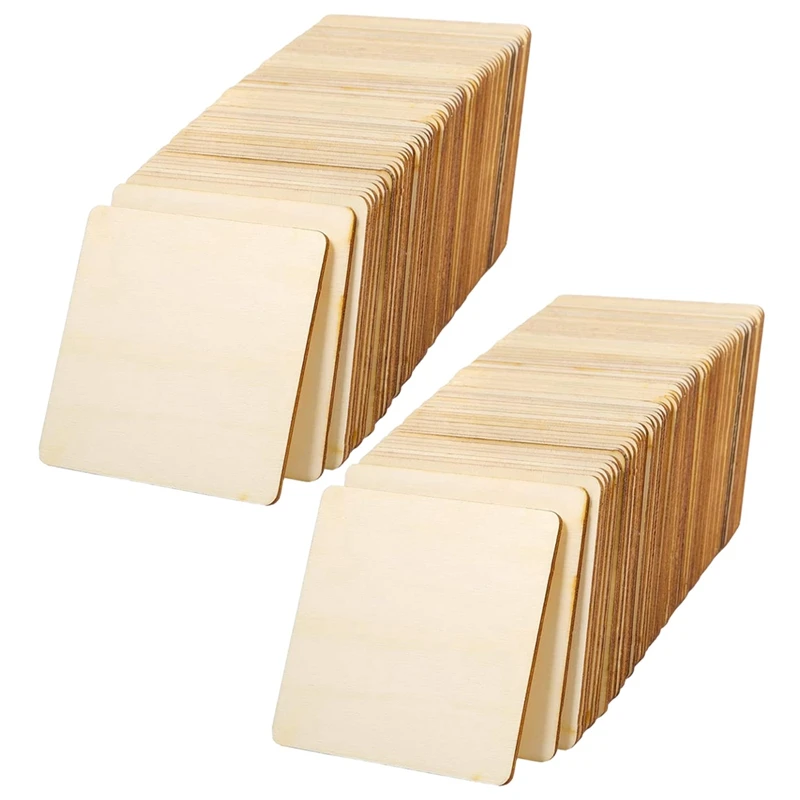 

144 Pieces Unfinished Square Wood Slices Blank 4 X 4 In,For Coasters, Pyrography,Painting,Writing,Photo Props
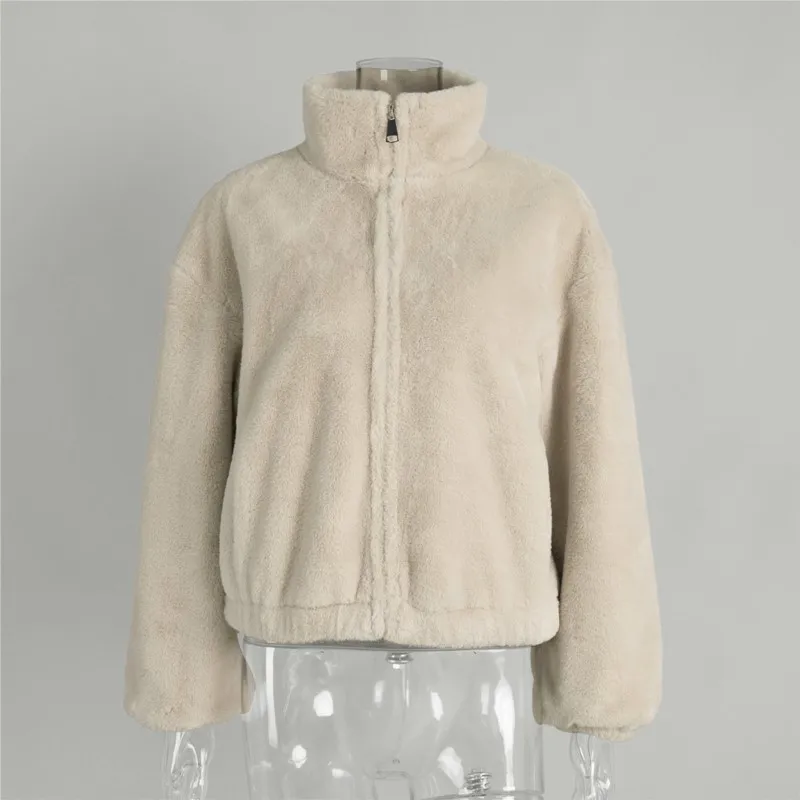 2025 New Women's Faux Fur Jacket Zipper Warm Plush Coat Oversized Soft Fluffy Stand Up Collar Autumn Winter Casual Jacket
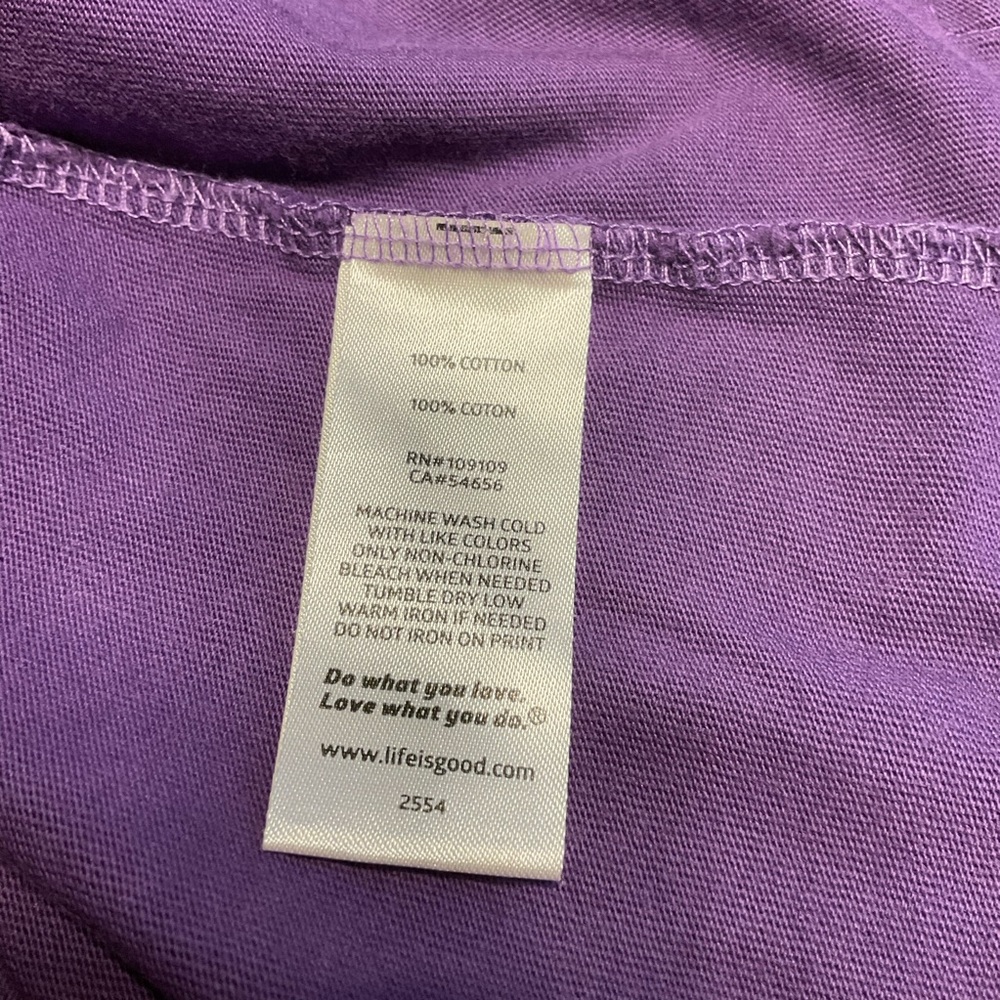 Life is good Women’s Crushed Tee Size Large Classic Crewneck 100% Cotton purple - Picture 6 of 9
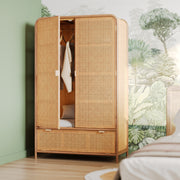 alata armoire bois masif pin teck 3 portes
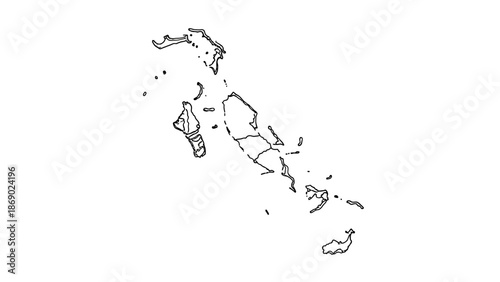 Outline Map of Bahamas with Districts, isolated white background.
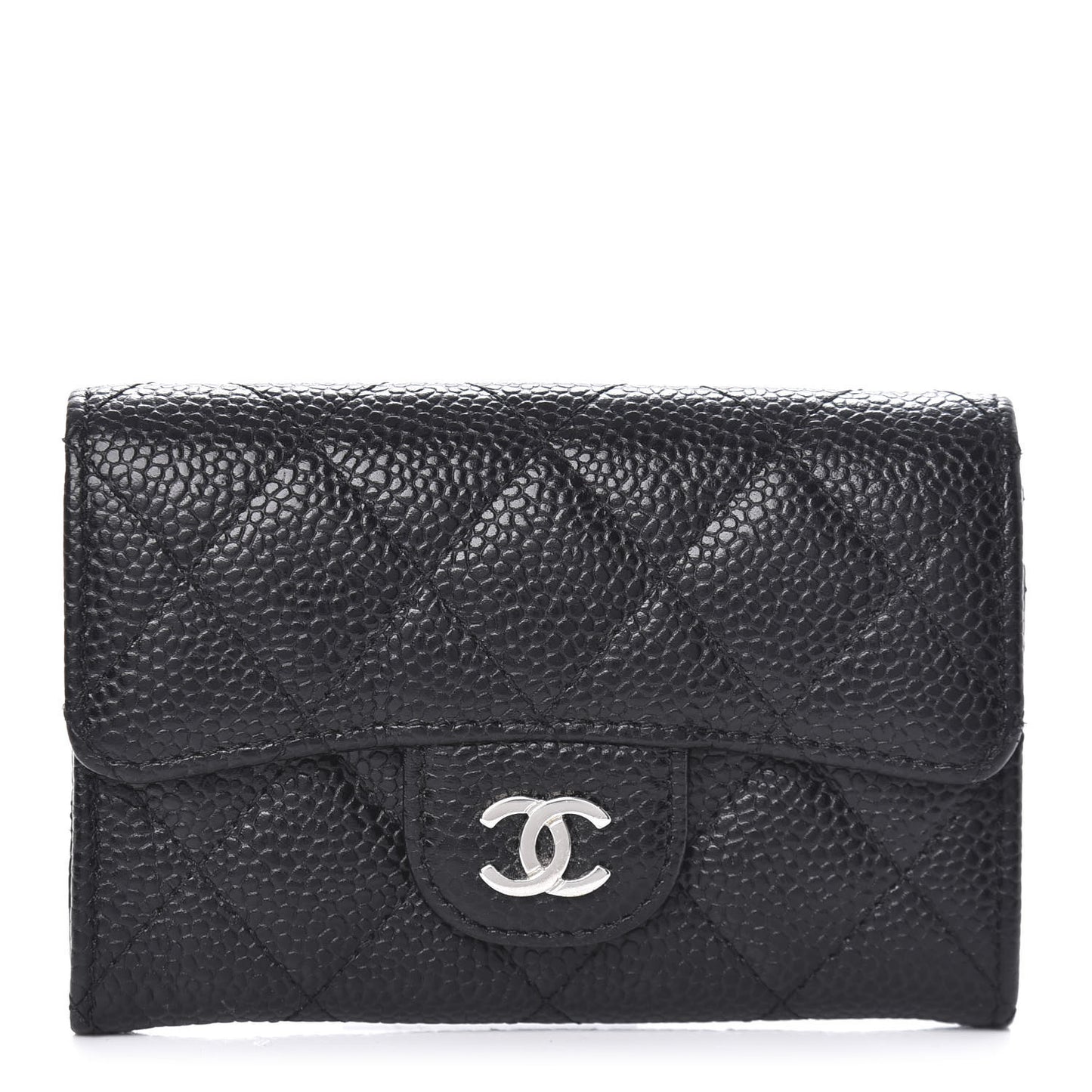 Caviar Quilted Flap Card Holder Black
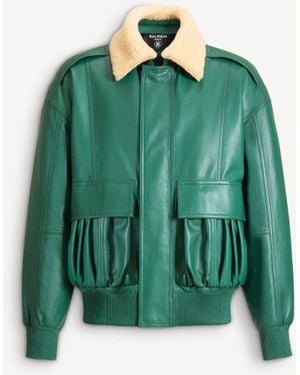 Balmain Shearling Leather Bomber Jacket - Green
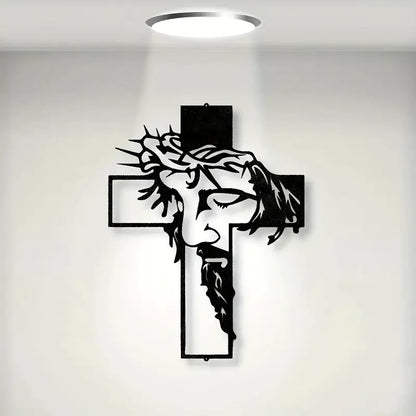 Metal Cross Sign Wall Art Decoration - Elegant Black Finish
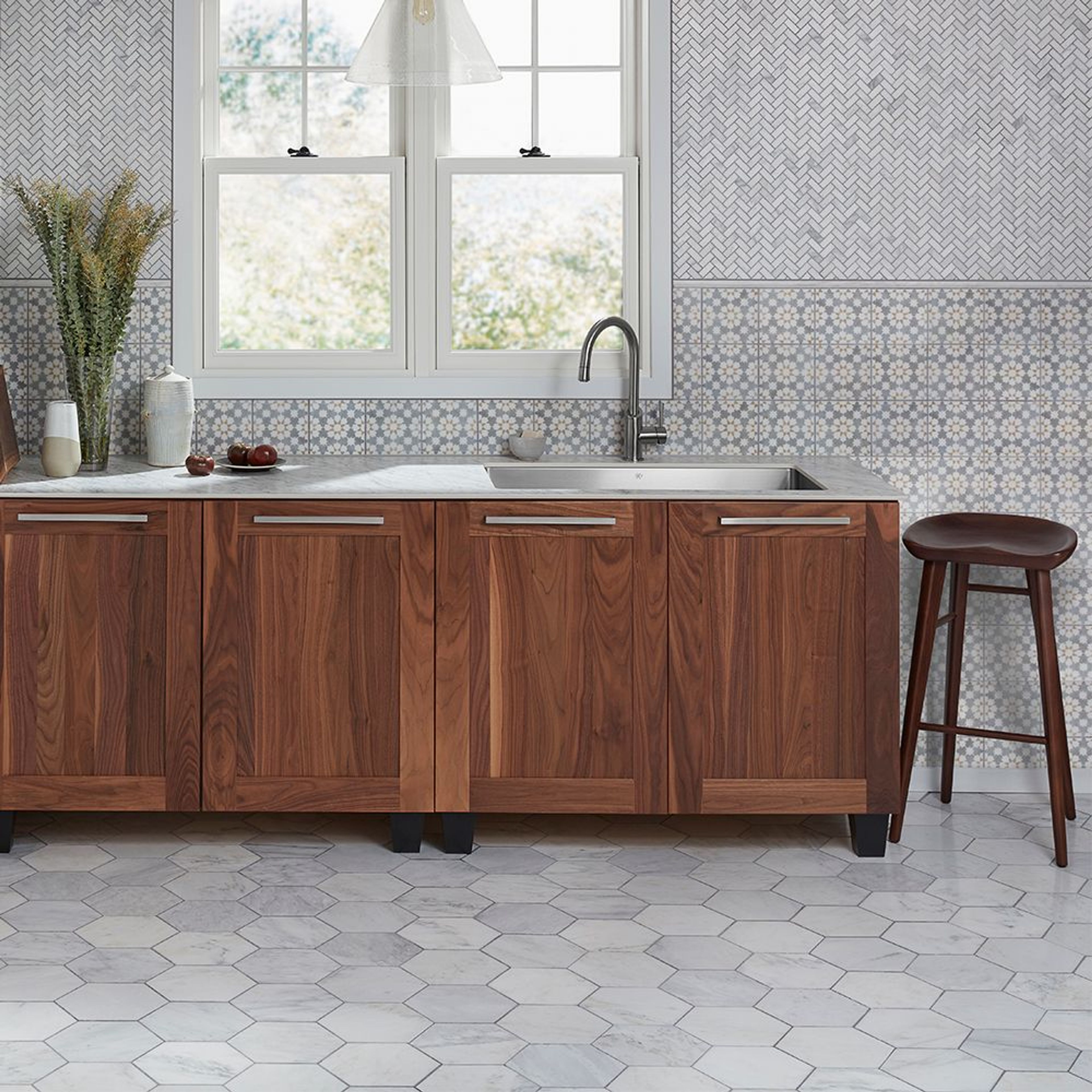 Classic Statuario: 1.75" Herringbone Mosaic Classic Statuario 15186, Hexagon Field Tile 8" x 9.25" Classic Statuario 15185, Mediterranean Manor Field Tile 6" x 6" Classic Statuario 15190, Dome 0.75" x 12" Classic Statuario 15162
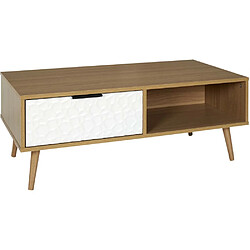 The Home Deco Factory Table basse en bois 1 tiroir Sven.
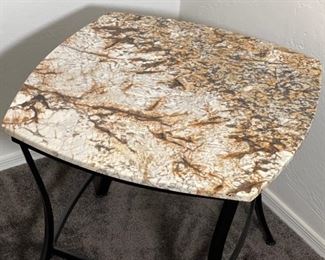 #2 Granite Top Iron Frame End Table 23x26x26in HxWxD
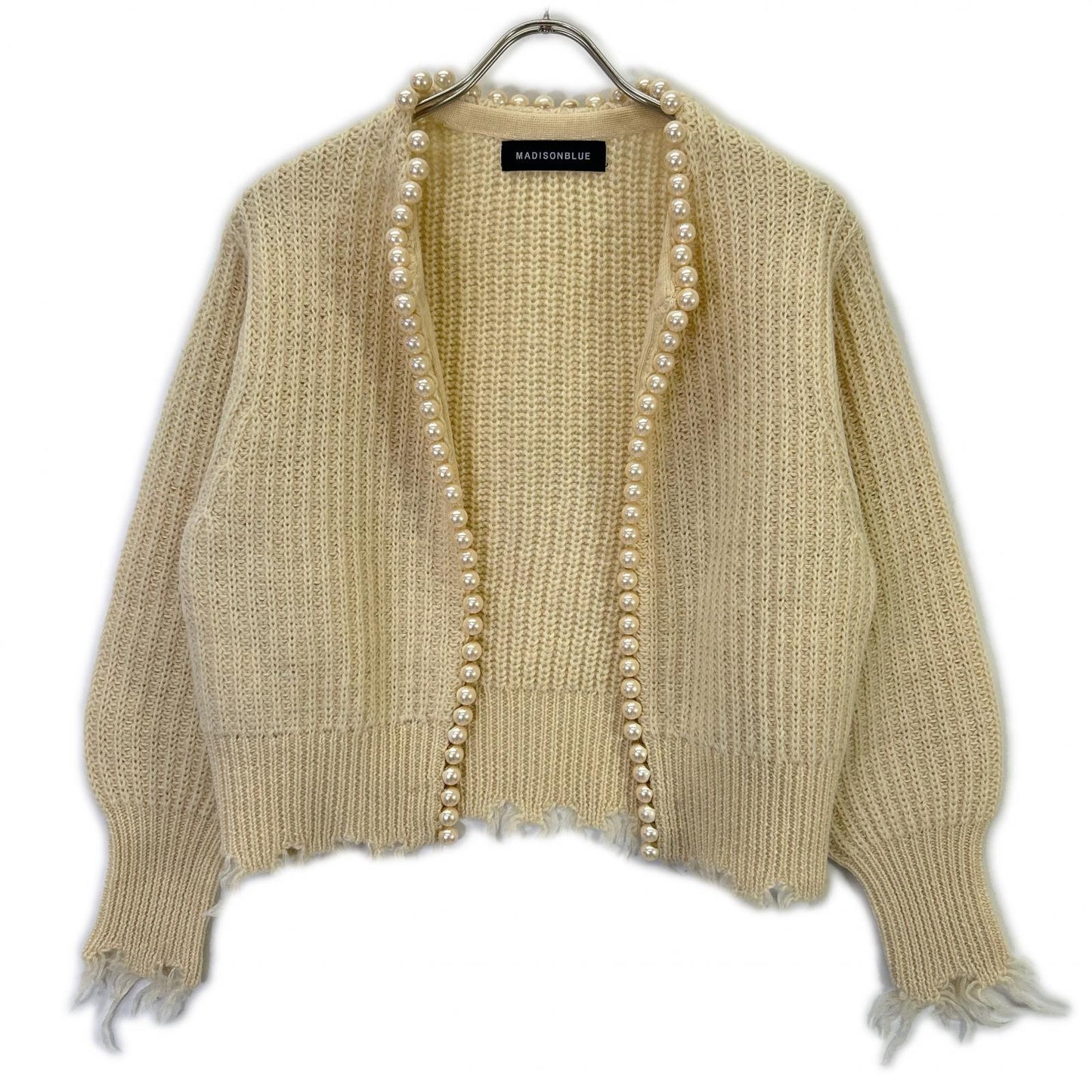 MADISONBLUE MB214-8027 Beige Wool Distressed Buttonless Pearl Knit Cardigan Top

——

EXERCISE AIM: Without the pictures, write out the entire listing exactly.

WRITTEN RESPONSE:
144 Pieces Unfinished Square Wood Slices Blank 4 X 4 In,For Coasters, Pyrography,Painting,Writing,Photo Props
 2025 New Women's Faux Fur Jacket Zipper Warm Plush Coat Oversized Soft Fluffy Stand Up Collar Autumn Winter Casual Jacket
 Life is good Women’s Crushed Tee Size Large Classic Crewneck 100% Cotton purple - Picture 6 of 9
 alata armoire bois masif pin teck 3 portes
 Outline Map of Bahamas with Districts, isolated white background.
 Caviar Quilted Flap Card Holder Black
 Balmain Shearling Leather Bomber Jacket - Green
 Metal Cross Sign Wall Art Decoration - Elegant Black Finish
 Classic Statuario: 1.75" Herringbone Mosaic Classic Statuario 15186, Hexagon Field Tile 8" x 9.25" Classic Statuario 15185, Mediterranean Manor Field Tile 6" x 6" Classic Statuario 15190, Dome 0.75" x 12" Classic Statuario 15162
 The Home Deco Factory Table basse en bois 1 tiroir Sven.
 #2 Granite Top Iron Frame End Table 23x26x26in HxWxD
 MADISONBLUE MB214-8027 Beige Wool Distressed Buttonless Pearl Knit Cardigan Top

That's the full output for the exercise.